Long Covid doesn't exist, volume one zillion

Long Covid doesn't exist, volume one zillion





A huge French study shows BELIEVING you had Covid is associated with many later symptoms. But ACTUALLY having had Covid isn't associated with any (except loss of sense of smell).

The Journal of the American Medical Association has another stunning paper out, this one on post-Covid symptoms in almost 27,000 French adults.

Researchers asked people to report whether they had had Covid and whether they had any of 18 lasting symptoms like insomnia, fatigue, or cough. They found that self-reported Covid was very strongly associated with nearly every symptom.

But the scientists then went a step further.

They also had Sars-Cov-2 antibody test results for the people they had surveyed, so they didn’t have to depend on self-reported Covid. They knew who really had had Covid and who had not.

They then compared self-reported symptoms in people with antibodies - that is, people who had actually been infected and recovered from Covid - to the general population. And they found no difference in almost any symptom.

Covid was not a risk factor for chest pain, or breathing difficulties, or trouble focusing, or stomach pain, or any of the many, many other complaints that long Covid “patients” and interest groups say are real. There was one interesting exception; people with Covid antibodies did have a much higher rate of anosmia, losing one’s sense of smell. Because anosmia is a known and lasting side effect, it serves as a useful control of sorts.

The researchers also found that almost 60 percent of the people with antibodies HAD NO IDEA THEY HAD EVEN HAD COVID AT ALL. Meanwhile, while more than half the people who said they had had Covid had no antibodies. (Welcome to the plague so severe most halfway healthy adults don’t even know they’ve had it.)

The study strongly suggests that many people are using previous Covid diagnoses - either real or imagined - to help explain away common physical symptoms such as joint pain or cough. It also suggests that actually being infected Covid is far less risky than thinking you have been infected with Covid for many people.

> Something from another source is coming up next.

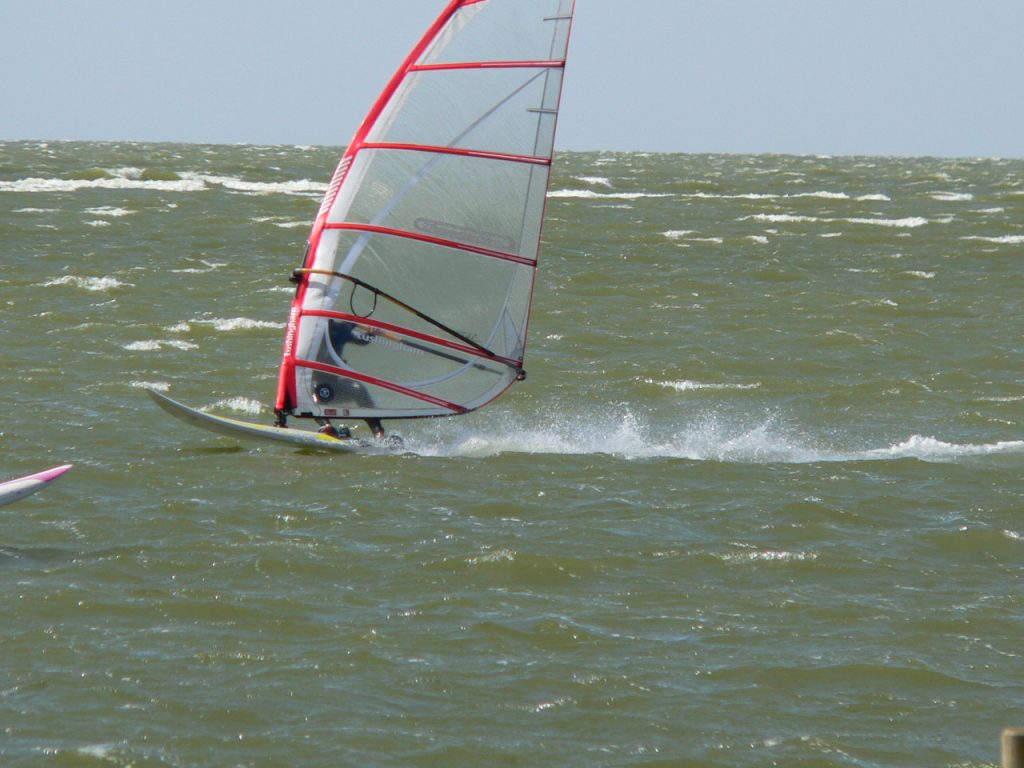 Windsurfer mit rotem Segel gleitet über wellige See bei starkem Wind.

The researchers concluded by explaining that people who claim they have long Covid may need help “to identify cognitive and behavioral mechanisms that may be targeted to relieve the symptoms.” Which is a very polite way of putting the truth.

This study should slow, if not stop, the rush to medicalize long Covid. It is yet more proof that the illness is a group of squishy (if painful and difficult) symptoms looking for a name - and more importantly a billing code.

But so many patients and physicians and public health experts are now invested (in some cases literally) in making long Covid real that the gravy train will likely roll on.